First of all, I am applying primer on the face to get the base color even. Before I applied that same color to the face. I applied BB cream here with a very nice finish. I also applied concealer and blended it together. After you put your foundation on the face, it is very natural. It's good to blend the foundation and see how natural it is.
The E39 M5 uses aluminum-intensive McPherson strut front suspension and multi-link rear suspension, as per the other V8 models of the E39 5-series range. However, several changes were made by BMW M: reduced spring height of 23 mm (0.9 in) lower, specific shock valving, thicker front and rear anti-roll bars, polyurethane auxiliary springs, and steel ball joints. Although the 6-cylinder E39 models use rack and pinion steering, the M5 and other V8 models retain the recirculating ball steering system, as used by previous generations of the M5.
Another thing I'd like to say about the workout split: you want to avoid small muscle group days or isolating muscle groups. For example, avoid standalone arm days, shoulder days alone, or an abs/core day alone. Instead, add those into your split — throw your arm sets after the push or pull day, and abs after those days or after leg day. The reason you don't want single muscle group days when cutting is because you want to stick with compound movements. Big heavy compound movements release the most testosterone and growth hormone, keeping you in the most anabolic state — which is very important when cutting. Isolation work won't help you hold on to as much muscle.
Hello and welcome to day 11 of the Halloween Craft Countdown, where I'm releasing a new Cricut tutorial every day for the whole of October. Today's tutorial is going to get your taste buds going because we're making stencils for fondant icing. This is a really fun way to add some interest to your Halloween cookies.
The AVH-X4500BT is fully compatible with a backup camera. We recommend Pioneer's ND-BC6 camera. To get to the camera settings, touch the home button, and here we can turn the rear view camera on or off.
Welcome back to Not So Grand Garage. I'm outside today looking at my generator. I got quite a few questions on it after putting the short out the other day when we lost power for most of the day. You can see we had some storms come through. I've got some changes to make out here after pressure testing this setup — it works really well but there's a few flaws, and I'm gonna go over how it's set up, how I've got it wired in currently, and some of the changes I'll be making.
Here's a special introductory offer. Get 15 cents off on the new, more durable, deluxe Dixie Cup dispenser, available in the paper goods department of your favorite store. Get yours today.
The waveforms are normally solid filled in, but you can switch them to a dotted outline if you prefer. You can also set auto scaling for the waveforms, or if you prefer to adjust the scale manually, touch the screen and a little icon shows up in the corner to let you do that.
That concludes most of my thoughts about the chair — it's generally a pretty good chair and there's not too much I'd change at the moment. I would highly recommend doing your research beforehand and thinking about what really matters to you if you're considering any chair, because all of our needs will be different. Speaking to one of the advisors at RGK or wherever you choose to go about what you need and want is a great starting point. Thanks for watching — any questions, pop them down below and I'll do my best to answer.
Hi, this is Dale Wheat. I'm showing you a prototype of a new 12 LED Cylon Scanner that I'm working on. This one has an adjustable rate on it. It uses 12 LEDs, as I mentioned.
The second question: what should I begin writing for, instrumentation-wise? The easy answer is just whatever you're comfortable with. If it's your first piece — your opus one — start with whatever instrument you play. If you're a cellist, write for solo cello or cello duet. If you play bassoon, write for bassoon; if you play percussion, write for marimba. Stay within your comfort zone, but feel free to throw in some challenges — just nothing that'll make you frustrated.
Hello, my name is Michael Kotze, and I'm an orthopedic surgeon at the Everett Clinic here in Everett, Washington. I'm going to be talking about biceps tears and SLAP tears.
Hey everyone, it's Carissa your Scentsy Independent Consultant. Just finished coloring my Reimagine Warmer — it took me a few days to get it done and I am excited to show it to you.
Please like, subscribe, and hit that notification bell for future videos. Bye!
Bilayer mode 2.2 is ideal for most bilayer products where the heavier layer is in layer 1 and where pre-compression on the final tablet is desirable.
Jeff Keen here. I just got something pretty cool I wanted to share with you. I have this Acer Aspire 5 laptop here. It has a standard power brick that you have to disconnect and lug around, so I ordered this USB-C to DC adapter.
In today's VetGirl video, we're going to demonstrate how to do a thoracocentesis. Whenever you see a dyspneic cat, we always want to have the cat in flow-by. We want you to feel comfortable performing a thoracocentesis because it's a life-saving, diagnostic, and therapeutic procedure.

☆ ☆ ☆ ☆ ☆

**EXERCISE:** From the data above, output exactly the lines between the one containing "Please like, subscribe, and" and the one containing "Jeff Keen here.", counting both of them.

**RESPONSE BOX:**
Please like, subscribe, and hit that notification bell for future videos. Bye!
Bilayer mode 2.2 is ideal for most bilayer products where the heavier layer is in layer 1 and where pre-compression on the final tablet is desirable.
Jeff Keen here. I just got something pretty cool I wanted to share with you. I have this Acer Aspire 5 laptop here. It has a standard power brick that you have to disconnect and lug around, so I ordered this USB-C to DC adapter.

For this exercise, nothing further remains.